Cost#

class empulse.metrics.Cost[source]#

Strategy for the Expected Cost metric.

build(tp_benefit, tn_benefit, fp_cost, fn_cost)[source]#

Build the metric strategy.

gradient_boost_objective(y_true, y_score, **kwargs)[source]#

Compute the gradient of the metric with respect to gradient boosting instances.

Parameters:
y_true: array-like of shape (n_samples,)

The ground truth labels.

y_score: array-like of shape (n_samples,)

The predicted labels, probabilities, or decision scores (based on the chosen metric).

parameters: float or array-like of shape (n_samples,)

The parameter values for the costs and benefits defined in the metric. If any parameter is a stochastic variable, you should pass values for their distribution parameters. You can set the parameter values for either the symbol names or their aliases.

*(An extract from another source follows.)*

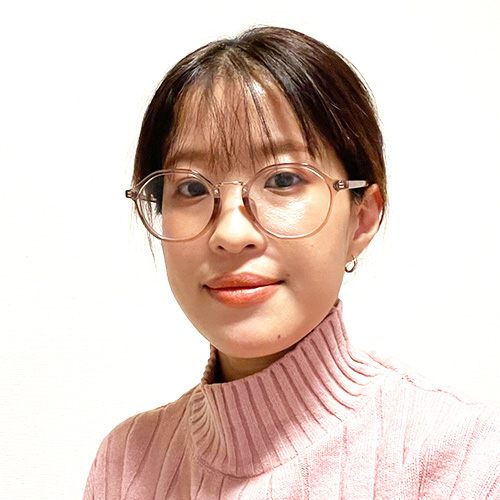 ピンクのセーターを着たメガネの女性のポートレート写真。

  • If float, the same value is used for all samples (class-dependent).

  • If array-like, the values are used for each sample (instance-dependent).

Returns:
gradientNDArray of shape (n_samples,)

The gradient of the metric loss with respect to the gradient boosting weights.

hessianNDArray of shape (n_samples,)

The hessian of the metric loss with respect to the gradient boosting weights.

logit_objective(features, weights, y_true, **parameters)[source]#

Compute the metric value and the gradient of the metric with respect to logistic regression coefficients.

Parameters:
featuresNDArray of shape (n_samples, n_features)

The features of the samples.

weightsNDArray of shape (n_features,)

The weights of the logistic regression model.

y_trueNDArray of shape (n_samples,)

The ground truth labels.

parametersfloat or NDArray of shape (n_samples,)

The parameter values for the costs and benefits defined in the metric. If any parameter is a stochastic variable, you should pass values for their distribution parameters. You can set the parameter values for either the symbol names or their aliases.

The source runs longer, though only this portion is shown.